The sensitive data belonging to various business enterprises must be backed up by the cloud providers to be used for fast recovery in disaster cases. Also, to protect against security threats like accidental leakage of data, various encryption schemes be used to protect the backup data. These encryp­tion schemes must be strong enough to resist modern attacks. Amazon as a cloud vendor does not encrypt the data by default at rest in S3. This control is given to the user to secure their backup data separately in order to protect against unauthorized access or tempering. Various tests can be per­formed to validate that backup data is securely provided by the cloud providers. These tests include; i) Storage insecurity and ii) Configuration insecurity. Any flaws identified by these tests may be potential threats which can lead unauthorized users to access information which is sensitive and stored in cloud backups belonging to different enterprises.


The cloud applications guarantee around-the-clock services to a client.

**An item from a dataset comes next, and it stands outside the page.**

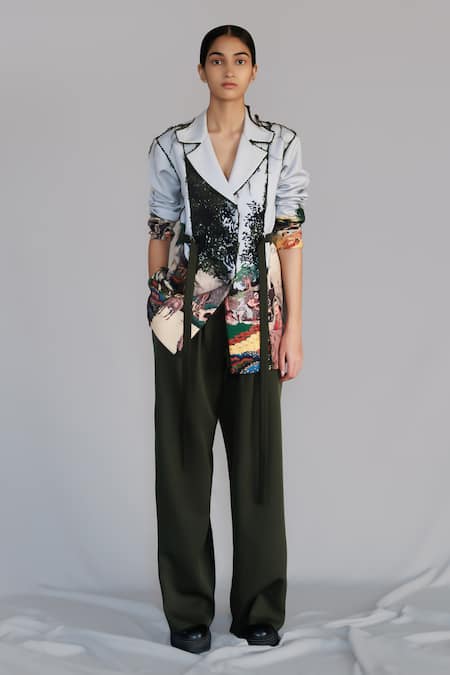 Anurag Gupta Gray Crepe Neolithic Coat Set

This involves architectural-level changes in infrastructure and applications to attain availability and scala­bility. Multitier cloud architecture needs to be adopted, cloud architecture must also support load balancing of application instances, running on different servers. Cloud storage must be resilient to software and hardware failures. Further, it must be protected from both distributed denial of service attacks (DDOS) as well as denial of service DOS attacks. For any unforeseen disaster, appropriate disaster recovery and operational sustainability action plans should be con­sidered.

Data Locality

In cloud computing, a client uses the application provided by the provider and their own business data, but the client is unaware of the storage location of the data in the cloud. This may lead to several issues and many cases. For example, due to data privacy laws in different counties, data locality is of utmost importance in enterprise business architecture. For instance in many Southern American States and several countries in European Union, certain types of data may not be allowed to leave the country’s premises because of the sensitivity of the information. Similarly, local Government’s laws and jurisdiction issues may arise in case of any type of investigation. A secure cloud model may be capable to provide reliability to its clients at the consumer data locality.

Despite the ease of use and economic benefits, cloud storage technology still suffers from numerous problems. The cloud storage architecture is mostly clouded by security (e.g, confidentiality, integrity, access, authentication, authorization and data breaches) and data management issues (e.g, dynamics, data segregation, backup, and virtualization).